_What to produce_
Take the entries below and reproduce exactly the portion that begins at the line containing "Leopard Print Handbag" and ends at the line containing "Sweat com carapuço", keeping both ends, dropping pictures, and adding nothing else.

_Extracted entries_
=== Begin Enclosure ===

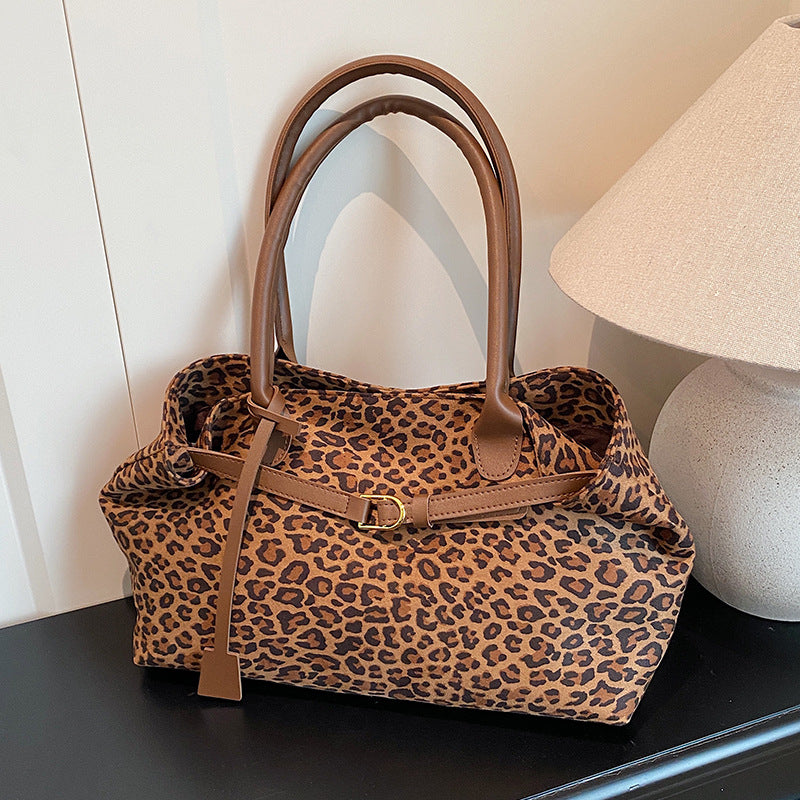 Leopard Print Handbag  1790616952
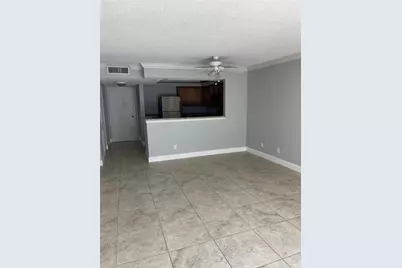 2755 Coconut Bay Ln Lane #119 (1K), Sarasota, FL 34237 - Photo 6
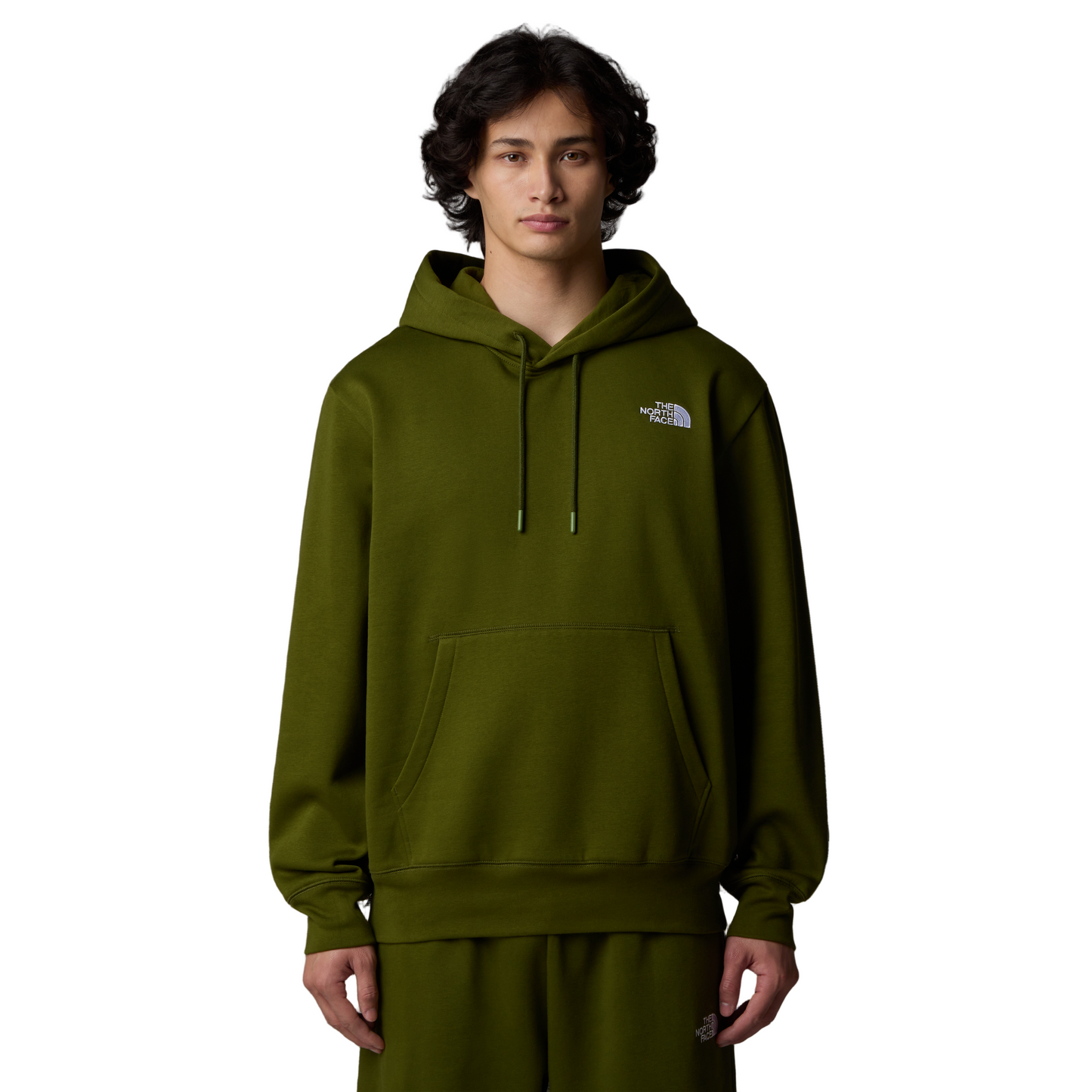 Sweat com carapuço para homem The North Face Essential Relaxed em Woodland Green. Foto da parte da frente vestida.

=== End Enclosure ===
=== Begin Enclosure ===

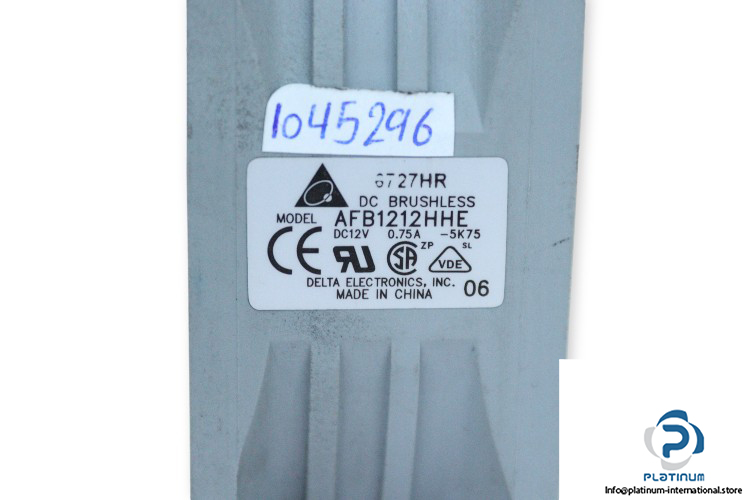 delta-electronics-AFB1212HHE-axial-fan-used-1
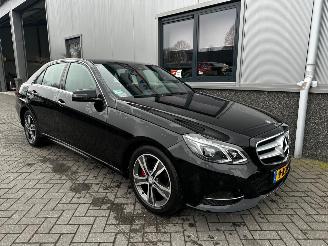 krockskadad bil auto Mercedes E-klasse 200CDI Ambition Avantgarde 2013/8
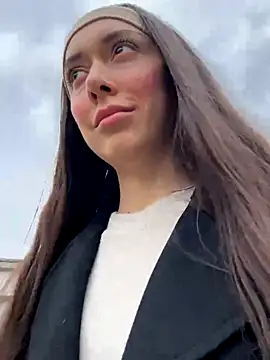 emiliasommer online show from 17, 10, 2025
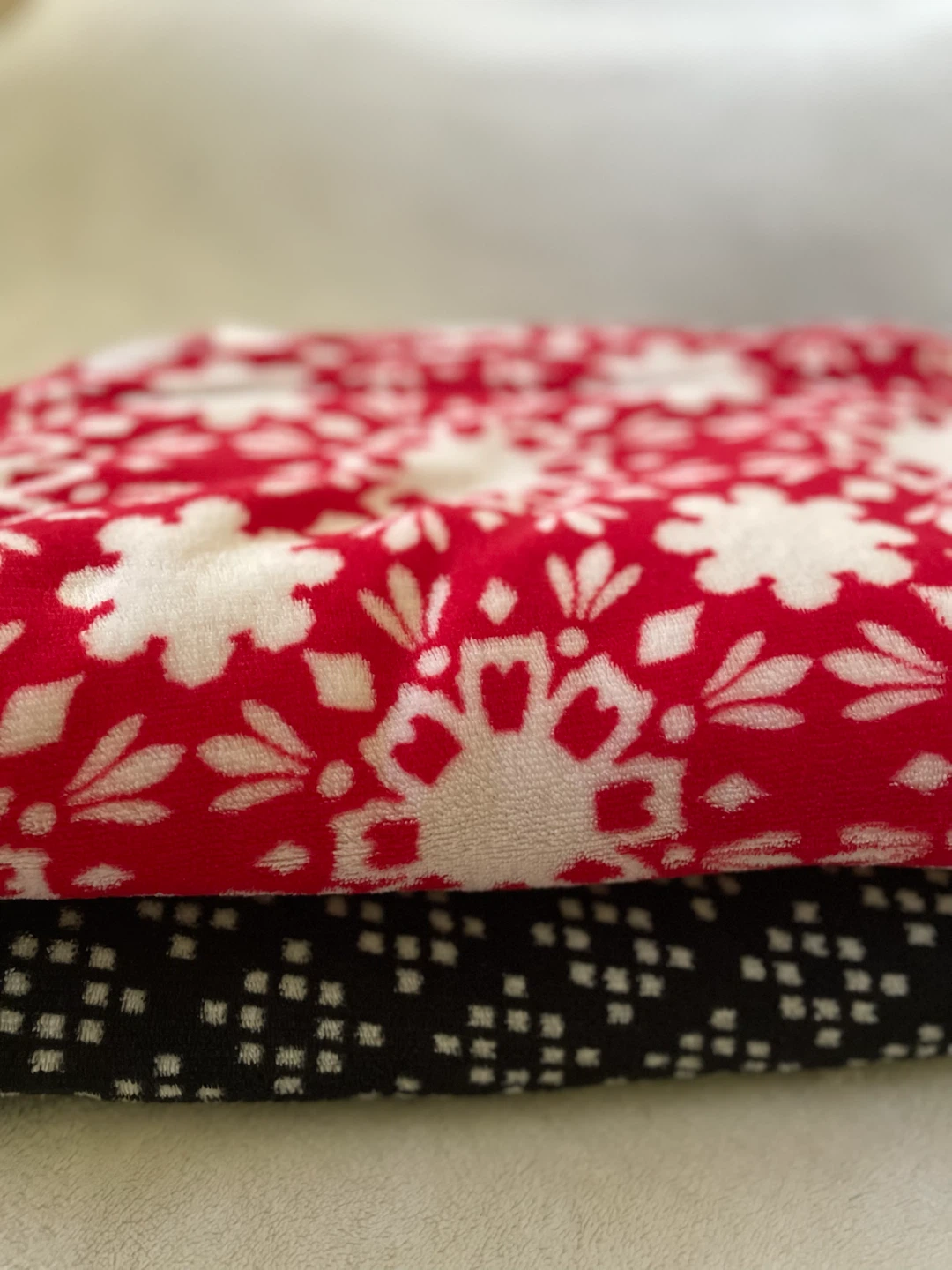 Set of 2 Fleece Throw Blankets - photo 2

=== End Enclosure ===

_Your response_
 Leopard Print Handbag  1790616952
 2755 Coconut Bay Ln Lane #119 (1K), Sarasota, FL 34237 - Photo 6
 Sweat com carapuço para homem The North Face Essential Relaxed em Woodland Green. Foto da parte da frente vestida.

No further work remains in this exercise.